Friday, February 24, 2006

Ways of hearing.

Perhaps you’ve heard about this report, which links ease of access to web-based motherlodes of music to listener apathy, and a devaluing of music in general. I’d link to the many blogs that have taken this up, but for this post, anyway, will refrain, because such links can be, for me, part of the problem.

Which isn’t the overwhelming availability of (free) music, but the time-sucking, addictive, overwhelming presence of recommendations for new music. I’ve turned into a pathetic consumer of music journalism; I’ve fallen down the blog-hole. Where ten years ago I might’ve got my music news from a handful of friends, the Village Voice, the radio, and the occasional Spin or Pulse, I can now read the sometimes daily piquant assessments of an army of talented, opinionated writers (an uncommonly well-selected assemblage is here for your browsing pleasure), from Canadian Carl Wilson to Oregonian Mike McGonigal to the ILX kids. I’m a music-porn addict.

I fetishize the information. My edge was lost so long ago I can’t cut cream cheese. And yet it’s all I can do to keep up with that never-ending tunnel of insidery music news that feels like connection and only later reveals itself, in the form of a vast empty feeling, as a waste of time. I’m collecting unpackaged, hand-lettered CD-Rs at a rate whereby the technology will be rendered obsolete by the time I absorb each disk. All based on solid information, mind you.

The upside, of course, is awareness of and access to a host of fantastic sounds I wouldn’t otherwise have encountered. No quibble there. The downside—and this extends beyond music—is nothing more that the loss of time, and serendipity, and a dangerously outgunned aesthetic sense. This is where the devaluing comes in, not from unfettered access to music, but the avalanche of copy that carries this music into the world. The same press release fatigue that must sap the enthusiasm of all but the hardiest journalists now creeps its way into the hearts of lowly bloggers.

Not that I blame the avalanche. It’s my choice to be buried. And maybe this is how the organism survives: only those able to maintain limits, deeply held loves and hates, equilibrium on the sea of words, lives to enthuse about the next big thing. I’m reminded of someone’s recent call to celebrate one’s inner nerd, the tastemaker in the machine, the one that pays no heed to hipsterism, lastest-thingism, or even the NME. This is the struggle, one of the largest there is: with all-access passes to every gig going, what show do you catch? What’s your time worth? What do you like?

(No, not you; that guy next to you. With the Rvng pin.)

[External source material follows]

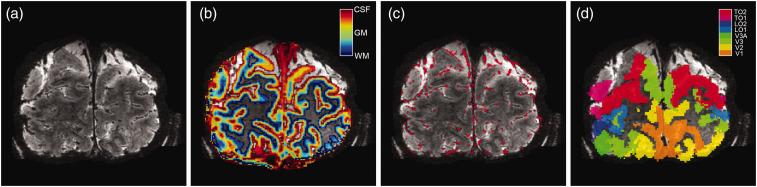 https://cdn.ncbi.nlm.nih.gov/pmc/blobs/d728/9941862/1bb06ef21208/10.1177_0271678X221133972-fig2.jpg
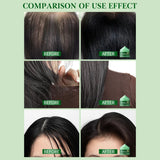 Hair Growth Spray,Scalp Scrub,Rosemary Scalp Exfoliator Scrub Shampoo,Hair Booster Serum,Strengthens Hair Roots,Helps Strengthen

Lines discovered this morning at 5am while experiencing unusually strong gastric distress, from John Berger (the lines, not the distress): Publicity is the life of this culture—in so far as without publicity capitalism could not survive—and at the same time publicity is its dream. ¶Capitalism survives by forcing the majority, whom it exploits, to define their own interests as narrowly as possible. This was once achieved by extensive deprivation. Today in the developed countries it is being achieved by imposing a false standard of what is and what is not desirable.

In other words, time to wake up. One might also add that today (the Berger quote is from 1972) it is also being achieved via the opposite of deprivation.

Hm. I wonder what SFJ has to say about all this…

UPDATE: SFJ, not so much, but the inimitable Paul Ford, he of Gary Benchley fame, had something tangential to relate earlier last week, on the subject of fetishizing the object, sorta:
I think of my fascination, at 13, with the CD on the concrete in the office park. CDs had a brief chance to become objects of veneration, less time than vinyl, a few decades--just an eyeblink in time when compared to books, which have had over a millennia to build up mystique. So the CDs are easier to throw away. They don't resonate. But ultimately books are just as disposable (even the one I wrote).

3 Comments:

Anonymous Anonymous said...

On the mark re: devaluing of music, vanishing down the bloghole, etc. Berger is right and you are also right in saying that the means are now being achieved by swamping people with the sheer number of things they need to consume just to maintain their status as an active consumer. The center will not hold. It's the 'Brave New World'/'Amusing Ourselves to Death' lifemodel.

BUT. One sure way to overcome an unhealthy relationship as a straight-up consumer: CREATE YOUR OWN SHIT. Make something. Something more than just writing about other people's opinions about other people's opinions about someone else's music. Otherwise you're part of your own problem, etc.

2:01 PM  
Anonymous Anonymous said...

Actually that sounds harsh. Maybe better put: If the blog is more about commenting on other people's observations than your own opinions maybe this is feeding into your issues with over saturation. That said: I enjoy the blog.

2:25 PM  
Blogger Prof. Drew LeDrew said...

Yeah, you nailed it, and me. To a pretty big degree, the post was an effort on my part to do just what you recommend: make something. A somewhat sidelong (and, I'd say, belated) calling out of myself, and a spur to avoid the pitfalls I spell out. We'll see how it goes. Thanks for reading, and for the feedback.